更新日: 2014/05/26
これも電車の中で涙目になりながら読んでいました。
立川談春『赤めだか』に、談春らの二つ目昇進披露の様子が描写されているのですが、そこで談志が挨拶しています。そこには以下のようなくだりがあります。
そして、最後に己の人生と己の語る作品がどこでフィットするか、この問題にぶつかってくると思います。
「おちけん」に出てくる加藤は、「子は鎹」と向き合い、そして自分の人生、とまではいかないまでも自分の中にある寂しさと向き合う、ということをしています。そしてそんな作業を大学生の時からやっているのです。

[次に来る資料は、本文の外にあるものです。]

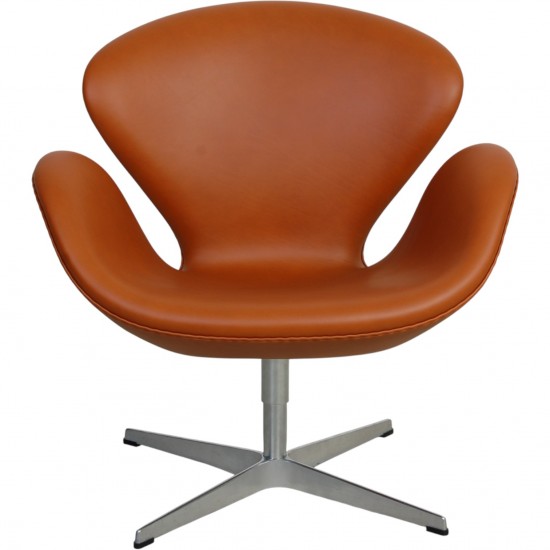 Arne Jacobsen Svane stol nybetrukket med valnød Classic læder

役者さんも作品を通して自分の人生に向き合う機会というのはあると思うのですが、脚本ってやはり巡り合わせもあるのでなかなかそんないい作品に巡り会えないこともあるのかも知れません。それに対して古典落語、特に人情話って、そーゆーところが魅力的なんだと思うんですよね。長い間残っている噺だけあるので、誰かのどこかの琴線に触れる話というのはきっとあるし、同じ話でも長い間つきあっていく間にいろいろ感じ方も変わっていくだろうし。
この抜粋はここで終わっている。